Además, recordamos que lo que provoca las alergias alimentarias es la proteína del alimento en cuestión. No la grasa (si está filtrada), sino la carne, que suele ser la principal fuente de proteínas de las recetas. Por eso es importantísimo que la receta exponga, de forma específica, cuál es su fuente de proteína. La carne más habitual suele ser el pollo junto con el cordero, esto hace que a pesar de su gran valor nutricional, se presenten como las principales causantes de respuesta alergicas, desde hace unos años se utiliza el salmón como fuente de proteína alternativa, pero su uso extendido hace que veamos cada día más animales con sensibilidad al mismo por eso en Lenda seguimos innovando y apostamos por fuentes de proteínas no habituales como el atún o el pescado blanco.

De esta forma, si sabemos que nuestro perro tiene alergia a la proteína del pollo, por ejemplo, podemos optar por una receta a base de pavo, atún o pescado blanco que no contenga pollo (recordamos que no hay ningún problema si incluye grasa de pollo, ya que si está filtrada no contendrá proteínas).
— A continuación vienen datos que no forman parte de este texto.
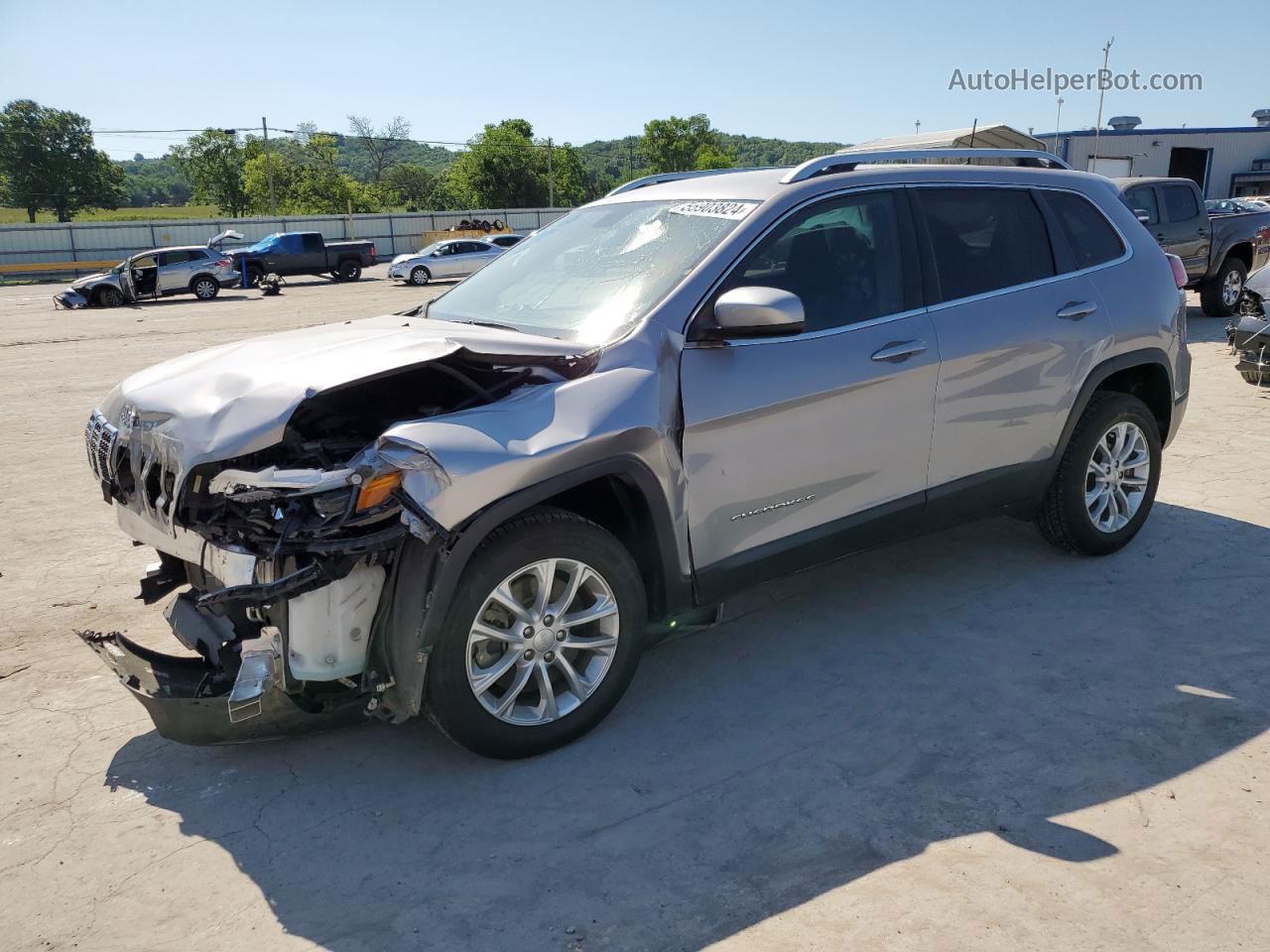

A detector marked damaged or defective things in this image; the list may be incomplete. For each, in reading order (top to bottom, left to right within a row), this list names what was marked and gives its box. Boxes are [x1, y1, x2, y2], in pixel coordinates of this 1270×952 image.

crumpled hood [98, 313, 583, 469]
wrecked silver suv [81, 151, 1189, 762]
damaged front bumper [80, 635, 363, 746]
Si encontramos menciones a carnes, sin especificar su origen, es más complicado controlar la exposición de nuestra mascota a los alérgenos.

Hemos dicho que lo primero en lo que hay que fijarse es en la etiqueta de composición de los alimentos, y eso está claro. Pero no podemos olvidar que si nuestro perro o gato tiene un problema de salud (y ciertamente, una alergia alimentaria lo es), lo más recomendable es que nos dejemos guiar por el veterinario. El profesional conoce cuáles son las necesidades nutricionales de nuestras mascotas, y tiene la experiencia suficiente como para saber qué tipo de productos le pueden ir mejor. Ante la más mínima duda o problema de salud, es él quien mejor nos puede ayudar.